**INFORMATION:**
□ □ □

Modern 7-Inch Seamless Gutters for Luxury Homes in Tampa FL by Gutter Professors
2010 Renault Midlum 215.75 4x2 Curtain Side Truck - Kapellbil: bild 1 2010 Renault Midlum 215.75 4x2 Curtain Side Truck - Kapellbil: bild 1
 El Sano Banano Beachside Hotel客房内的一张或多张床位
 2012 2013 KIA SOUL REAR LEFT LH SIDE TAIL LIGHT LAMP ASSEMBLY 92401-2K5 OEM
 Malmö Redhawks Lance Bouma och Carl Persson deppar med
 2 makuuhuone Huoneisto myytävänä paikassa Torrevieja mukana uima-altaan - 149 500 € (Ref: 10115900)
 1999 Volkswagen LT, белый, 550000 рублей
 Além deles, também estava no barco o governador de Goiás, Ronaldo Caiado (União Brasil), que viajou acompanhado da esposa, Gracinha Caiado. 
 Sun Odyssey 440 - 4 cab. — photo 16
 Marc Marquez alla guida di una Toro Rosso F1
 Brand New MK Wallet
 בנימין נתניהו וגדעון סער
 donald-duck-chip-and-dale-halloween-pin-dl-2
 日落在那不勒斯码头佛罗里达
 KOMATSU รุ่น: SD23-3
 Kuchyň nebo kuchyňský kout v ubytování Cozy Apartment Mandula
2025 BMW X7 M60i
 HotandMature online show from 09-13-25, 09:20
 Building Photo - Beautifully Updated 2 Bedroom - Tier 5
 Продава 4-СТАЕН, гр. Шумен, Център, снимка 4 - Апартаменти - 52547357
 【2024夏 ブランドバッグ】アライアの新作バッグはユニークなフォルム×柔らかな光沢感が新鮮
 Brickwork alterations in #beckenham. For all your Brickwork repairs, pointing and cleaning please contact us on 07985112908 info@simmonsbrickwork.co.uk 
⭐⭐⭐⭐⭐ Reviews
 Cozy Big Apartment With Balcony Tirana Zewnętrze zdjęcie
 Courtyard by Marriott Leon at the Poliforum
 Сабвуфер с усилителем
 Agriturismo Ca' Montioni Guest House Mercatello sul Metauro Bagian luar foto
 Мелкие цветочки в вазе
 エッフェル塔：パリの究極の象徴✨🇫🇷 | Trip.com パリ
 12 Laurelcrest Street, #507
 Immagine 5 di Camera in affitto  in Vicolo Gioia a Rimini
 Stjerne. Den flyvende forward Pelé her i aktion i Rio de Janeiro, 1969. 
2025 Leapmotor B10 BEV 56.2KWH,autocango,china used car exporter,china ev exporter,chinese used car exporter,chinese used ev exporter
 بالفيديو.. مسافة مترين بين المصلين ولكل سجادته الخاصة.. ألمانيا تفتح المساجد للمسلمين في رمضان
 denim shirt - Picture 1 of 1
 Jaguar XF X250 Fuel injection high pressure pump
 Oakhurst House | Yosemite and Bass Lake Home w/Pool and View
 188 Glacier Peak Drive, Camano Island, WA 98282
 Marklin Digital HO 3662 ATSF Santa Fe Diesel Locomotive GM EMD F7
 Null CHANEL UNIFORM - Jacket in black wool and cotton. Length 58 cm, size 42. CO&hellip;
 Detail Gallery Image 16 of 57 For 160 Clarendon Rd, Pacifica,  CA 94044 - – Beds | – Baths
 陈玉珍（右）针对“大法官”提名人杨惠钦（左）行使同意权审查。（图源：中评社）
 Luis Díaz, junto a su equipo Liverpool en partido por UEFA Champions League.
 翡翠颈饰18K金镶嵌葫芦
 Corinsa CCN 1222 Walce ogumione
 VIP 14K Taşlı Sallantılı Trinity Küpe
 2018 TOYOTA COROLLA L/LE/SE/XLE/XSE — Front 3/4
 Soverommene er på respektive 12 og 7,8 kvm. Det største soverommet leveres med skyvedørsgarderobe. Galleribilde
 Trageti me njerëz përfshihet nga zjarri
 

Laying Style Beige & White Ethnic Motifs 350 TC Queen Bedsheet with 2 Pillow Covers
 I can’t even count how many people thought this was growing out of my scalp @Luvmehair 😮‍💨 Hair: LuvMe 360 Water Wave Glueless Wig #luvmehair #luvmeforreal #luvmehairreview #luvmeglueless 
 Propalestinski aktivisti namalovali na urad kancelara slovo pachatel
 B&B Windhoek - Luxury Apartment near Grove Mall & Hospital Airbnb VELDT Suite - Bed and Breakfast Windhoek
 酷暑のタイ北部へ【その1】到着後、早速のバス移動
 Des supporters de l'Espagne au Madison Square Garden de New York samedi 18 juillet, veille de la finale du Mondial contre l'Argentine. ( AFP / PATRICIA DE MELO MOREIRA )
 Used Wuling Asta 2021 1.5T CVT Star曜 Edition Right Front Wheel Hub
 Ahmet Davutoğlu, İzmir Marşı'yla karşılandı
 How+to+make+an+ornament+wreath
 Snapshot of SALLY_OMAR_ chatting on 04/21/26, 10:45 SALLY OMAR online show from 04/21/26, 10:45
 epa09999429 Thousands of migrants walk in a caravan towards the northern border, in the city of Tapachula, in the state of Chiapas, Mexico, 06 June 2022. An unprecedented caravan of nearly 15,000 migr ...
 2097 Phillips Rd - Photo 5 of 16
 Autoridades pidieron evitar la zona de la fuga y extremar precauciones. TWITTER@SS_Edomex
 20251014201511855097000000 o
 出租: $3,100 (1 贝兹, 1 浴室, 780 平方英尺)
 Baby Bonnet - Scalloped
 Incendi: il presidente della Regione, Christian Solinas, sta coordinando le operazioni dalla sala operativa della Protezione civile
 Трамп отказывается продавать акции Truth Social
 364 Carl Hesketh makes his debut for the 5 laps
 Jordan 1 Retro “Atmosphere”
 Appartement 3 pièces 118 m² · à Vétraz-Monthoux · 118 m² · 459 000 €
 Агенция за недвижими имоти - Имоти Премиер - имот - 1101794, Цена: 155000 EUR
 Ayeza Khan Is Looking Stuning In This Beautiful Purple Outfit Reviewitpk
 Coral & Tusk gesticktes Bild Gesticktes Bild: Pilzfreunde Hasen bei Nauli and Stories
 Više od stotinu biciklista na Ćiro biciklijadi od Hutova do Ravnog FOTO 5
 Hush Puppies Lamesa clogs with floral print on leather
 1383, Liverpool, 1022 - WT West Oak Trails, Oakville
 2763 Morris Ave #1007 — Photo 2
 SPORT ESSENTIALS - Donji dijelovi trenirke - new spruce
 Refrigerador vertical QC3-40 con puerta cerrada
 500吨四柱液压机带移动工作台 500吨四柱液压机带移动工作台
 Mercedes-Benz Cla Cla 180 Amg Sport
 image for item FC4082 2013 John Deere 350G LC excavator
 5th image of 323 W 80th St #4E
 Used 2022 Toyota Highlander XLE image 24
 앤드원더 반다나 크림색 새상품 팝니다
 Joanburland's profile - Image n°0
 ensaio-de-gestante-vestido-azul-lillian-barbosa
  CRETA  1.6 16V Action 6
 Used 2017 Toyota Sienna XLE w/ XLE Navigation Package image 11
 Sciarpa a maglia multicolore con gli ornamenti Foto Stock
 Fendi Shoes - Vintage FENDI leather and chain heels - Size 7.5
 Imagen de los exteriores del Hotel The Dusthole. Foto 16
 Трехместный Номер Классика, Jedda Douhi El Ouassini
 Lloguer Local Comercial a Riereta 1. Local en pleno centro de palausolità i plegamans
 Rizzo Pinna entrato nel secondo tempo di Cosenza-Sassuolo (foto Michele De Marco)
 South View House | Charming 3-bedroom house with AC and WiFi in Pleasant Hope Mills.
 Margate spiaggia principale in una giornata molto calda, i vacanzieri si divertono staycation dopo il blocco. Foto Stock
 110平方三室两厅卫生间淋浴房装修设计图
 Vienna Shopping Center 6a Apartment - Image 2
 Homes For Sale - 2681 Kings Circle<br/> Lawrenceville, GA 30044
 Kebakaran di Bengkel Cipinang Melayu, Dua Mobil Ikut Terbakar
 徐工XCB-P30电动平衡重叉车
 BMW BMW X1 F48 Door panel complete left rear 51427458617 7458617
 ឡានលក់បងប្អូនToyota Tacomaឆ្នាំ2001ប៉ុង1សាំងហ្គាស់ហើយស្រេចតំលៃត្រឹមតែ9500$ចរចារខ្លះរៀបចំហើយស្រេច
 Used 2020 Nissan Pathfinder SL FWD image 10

□ □ □

Check each line of the listing above. Copy it if it holds the string "Front".

 2018 TOYOTA COROLLA L/LE/SE/XLE/XSE — Front 3/4
 Used Wuling Asta 2021 1.5T CVT Star曜 Edition Right Front Wheel Hub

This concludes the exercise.